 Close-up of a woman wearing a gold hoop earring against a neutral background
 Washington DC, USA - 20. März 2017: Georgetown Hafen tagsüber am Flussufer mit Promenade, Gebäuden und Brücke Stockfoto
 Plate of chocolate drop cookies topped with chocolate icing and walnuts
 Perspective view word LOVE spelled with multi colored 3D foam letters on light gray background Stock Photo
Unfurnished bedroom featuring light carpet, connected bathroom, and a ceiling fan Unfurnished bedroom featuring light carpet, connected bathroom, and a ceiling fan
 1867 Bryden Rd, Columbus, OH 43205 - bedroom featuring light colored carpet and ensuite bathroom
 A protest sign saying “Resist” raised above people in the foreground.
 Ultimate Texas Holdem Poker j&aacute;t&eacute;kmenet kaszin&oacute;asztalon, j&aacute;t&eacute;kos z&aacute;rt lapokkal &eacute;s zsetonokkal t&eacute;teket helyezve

++++++++++++++++++++

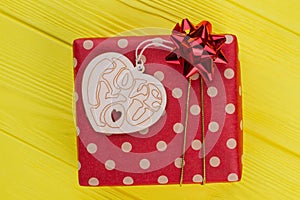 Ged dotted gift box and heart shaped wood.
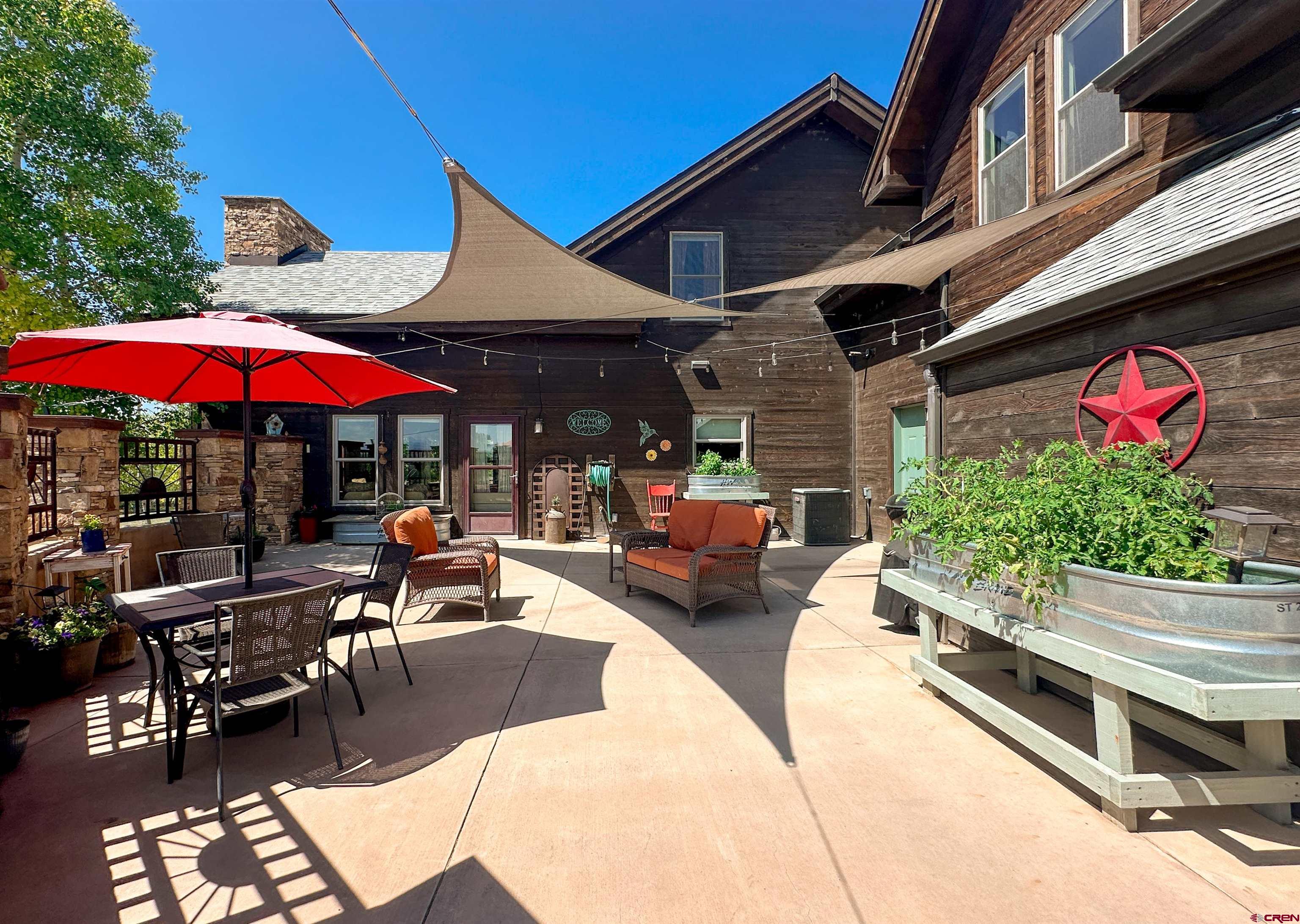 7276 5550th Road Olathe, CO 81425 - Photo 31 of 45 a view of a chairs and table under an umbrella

++++++++++++++++++++

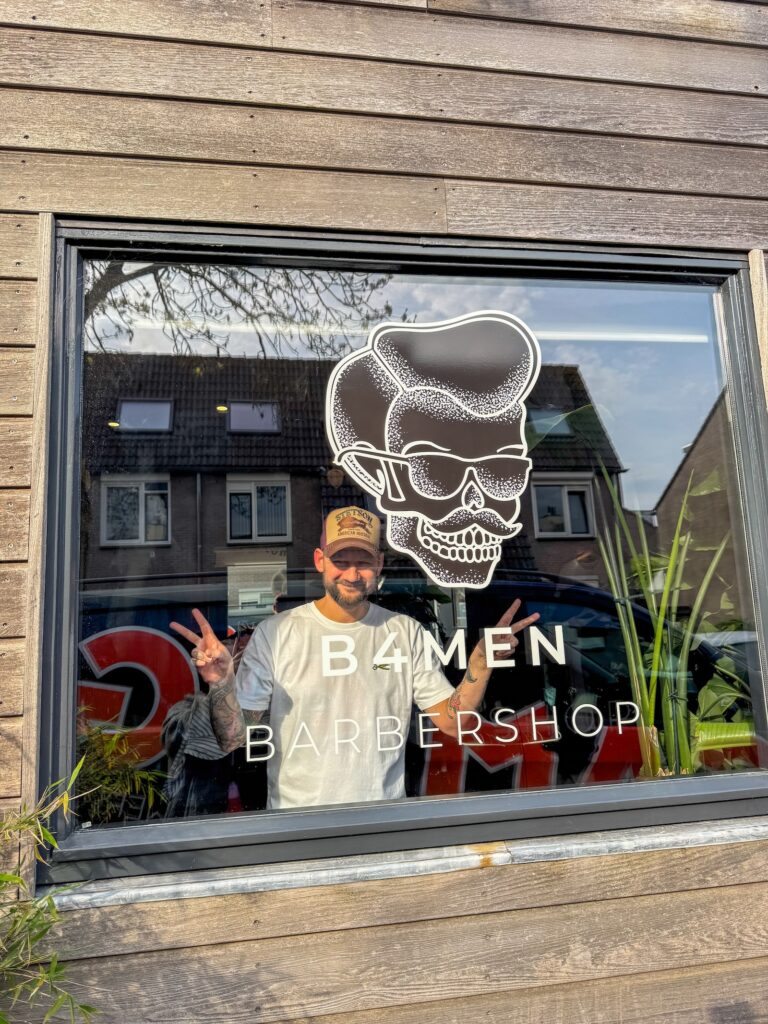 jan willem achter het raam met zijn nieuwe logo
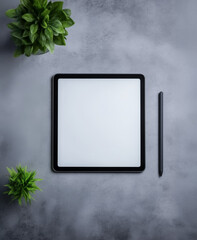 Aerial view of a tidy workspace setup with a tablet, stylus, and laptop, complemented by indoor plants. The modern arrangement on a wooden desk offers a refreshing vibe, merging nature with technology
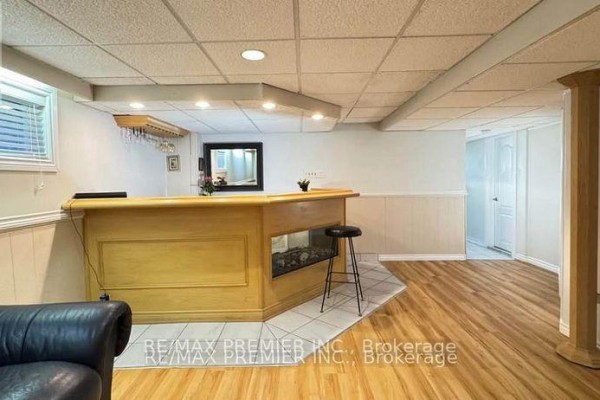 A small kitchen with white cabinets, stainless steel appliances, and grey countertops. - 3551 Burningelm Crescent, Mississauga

++++++++++++++++++++

- **REQUIREMENT**
Your task is to copy every line of the entries that contains the string "light".

- **RESULT FOR THIS EXERCISE**
 Perspective view word LOVE spelled with multi colored 3D foam letters on light gray background Stock Photo
Unfurnished bedroom featuring light carpet, connected bathroom, and a ceiling fan Unfurnished bedroom featuring light carpet, connected bathroom, and a ceiling fan
 1867 Bryden Rd, Columbus, OH 43205 - bedroom featuring light colored carpet and ensuite bathroom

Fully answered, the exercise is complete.